Die Wohnungsvermittlung geschah über die Universität und war recht schnell und unkompliziert. Die Unterbringung für mich, sowie für fast alle anderen Erasmus-Studenten während meiner Zeit in Schweden, befindet sich in Spanga etwa 30 Minuten mit dem Zug entfernt von Stockholm. Die Wohnungen sind an sich clever gedacht und möbliert, aber klein mit etwa 16m² für Badezimmer und Wohnbereich / Küche. Die monatlichen Kosten waren in meiner Zeit vor Ort etwas wechselhaft, aber dauerhaft über 700 € im Monat. Ein großer Kritikpunkt war die Heizung vor Ort, da zwar jede Wohnung einen Heizkörper hatte, dieser aber lediglich zentral von der Hausverwaltung gesteuert werden konnte und man selbst nichts verändern konnte. Das führte zu Weilen dazu, dass die Heizung kalt blieb obwohl bereits Ende Oktober beziehungsweise Anfang November war und die Temperaturen auch schon dementsprechend kalt waren. Abgesehen davon, war die Anbindung an den öffentlichen Nahverkehr sehr gut mit einer Bushaltestelle direkt vor der Haustür und dem angesprochenen Bahnhof nur etwa 5 Minuten mit dem Bus oder 15 Minuten zu Fuß entfernt. In direkter Nähe zur Wohnanlage gab es ebenfalls einen „Lidl-Markt“ sowie eine „Coop-Filiale“, welche beide innerhalb von 5 Minuten zu erreichen waren und den täglichen Einkauf so sehr erleichterten. Eine Bankfiliale habe ich in meiner Zeit vor Ort weder in Spanga noch in Stockholm besucht, da man abgesehen von dem Nutzen als Erinnerung so gut wie nie Bargeld benötigt da in Schweden so gut wie alles mit dem Handy bzw. einer Bank- oder Kreditkarte zu bezahlen war.

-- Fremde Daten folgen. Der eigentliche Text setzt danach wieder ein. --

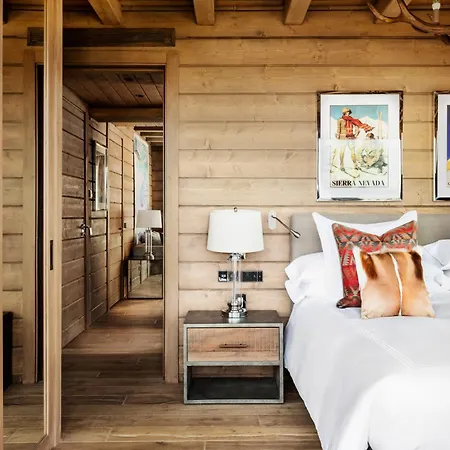 El Lodge, & Ξενοδοχείο 5*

Freizeitangebote vor Ort waren sowohl über die Wohnanlage, „Campus Star“, geboten entweder über Hinweise im wöchentlichen Newsletter oder auf eigene Faust z. B. im Fitnessstudio innerhalb der Anlage. Dessen Nutzung sowie der Gebrauch der Gemeinschaftsküche, Lernbereiche oder dem Kinosaal waren kostenlos genauso wie das Benutzen der Waschmaschinen, welche in je zwei Waschräumen pro Haus angeordnet waren. Besonders für das Wohnen hier war ebenfalls, dass es sowohl eine spezielle App zur Verwaltung seines Vertrages und dem Anzeigen der fälligen Mietkosten jeden Monat gab als auch eine App als Schlüssel zum Haus über welche man jedoch auch die Nutzung des Waschraumes oder einem der anderen vorhin genannten Angebote buchen konnte. Die Lebenshaltungskosten lassen sich im Allgemeinen als recht hoch beschreiben und belaufen sich je nach Bedarf zusammen mit der Miete auf etwa 1200 – 1500 Euro pro Monat.
Rückblick
Als Tipps für andere Studenten die gerne nach Schweden und besonders nach Stockholm kommen wollen: Nehmt auf jeden Fall viele warme Klamotten mit und seid nicht schüchtern auf die Einheimischen zuzugehen. In 9 von 10 Fällen wird man euch sofort auf Englisch antworten und schnell in ein Gespräch kommen. In der gesamten Region ist der Nahverkehr sehr gut, egal ob Zug, Bus, U-Bahn oder sogar Fähren – also geht auf jeden Fall erkunden, wenn ihr die Möglichkeit habt. Essen gehen ist in Schweden im Allgemeinen recht teuer – probiert lieber mehr selber zu kochen als öfter ins Restaurant zu gehen. Wenn ihr aber geht, dann gibt es hier so gut wie alles was ihr euch vorstellen könnt. Genießt die Uni, nehmt so viele Kurse mit wie ihr könnt und nehmt euch Zeit für neues.